On the Brooklyn side of the Marine Parkway Bridge, a tiny wild patch of woods can be seen from Flatbush Avenue.

Until recently, you could walk on a path through these woods to a hidden beach covered with garbage. Sounds gross! In fact, Dead Horse Bay, a.k.a. Glass Bottle Beach, is a unique trove of historical artifacts that have settled (and unsettled) among snails, blue crabs, whelks, razor clams, quahogs, and seaweed, embodying the daily life of New Yorkers circa 1952. 

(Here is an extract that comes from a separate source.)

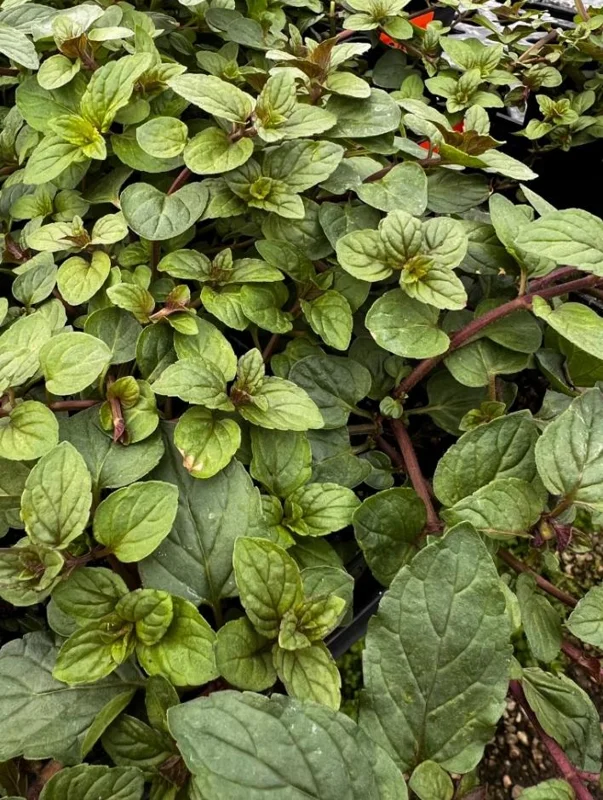 2 Chocolate Mint Live Plants – Fresh Mint Herb for Outdoor Garden, 4-6 Inch Tall 2 Chocolate Mint Live Plants – Fresh Mint Herb for Outdoor Garden, 4-6 Inch Tall - Image 6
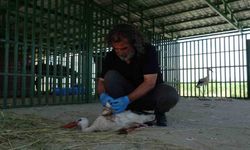Yaban hayvanlarının ’kreş’ dönemi tamamlandı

Like many places on the edges of New York City, Glass Bottle Beach lies atop a landfill, placed there to solidify and extend the natural coastline. Unlike most such landfills, this one was not properly capped, and its contents have been rising up from beneath the surface since the 1980s. A seemingly inexhaustible supply of bottles, shoes, china, stockings, floor tile, electrical sockets, toothbrushes, newspapers, and even intact light bulbs and motor vehicles make their way slowly from underground, down the beach, and into the sea. Mixed among them are pieces of horse bone from the factories of Barren Island.

 
 
 

These mundane objects tell the stories of the New Yorkers of seventy years ago—their tastes in food and beverages, their shoe styles, their predilection for chlorophyll toothpaste, and the dishes they ate off. In recent years, the discovery of radioactive materials from boat deck markers has forced the closure of the beach as it awaits a Superfund cleanup. 

You can explore these artifacts in my photos below, and if you feel so moved, please read a letter I have written to the authorities in charge of the cleanup, explaining why it is so important that artifacts be preserved.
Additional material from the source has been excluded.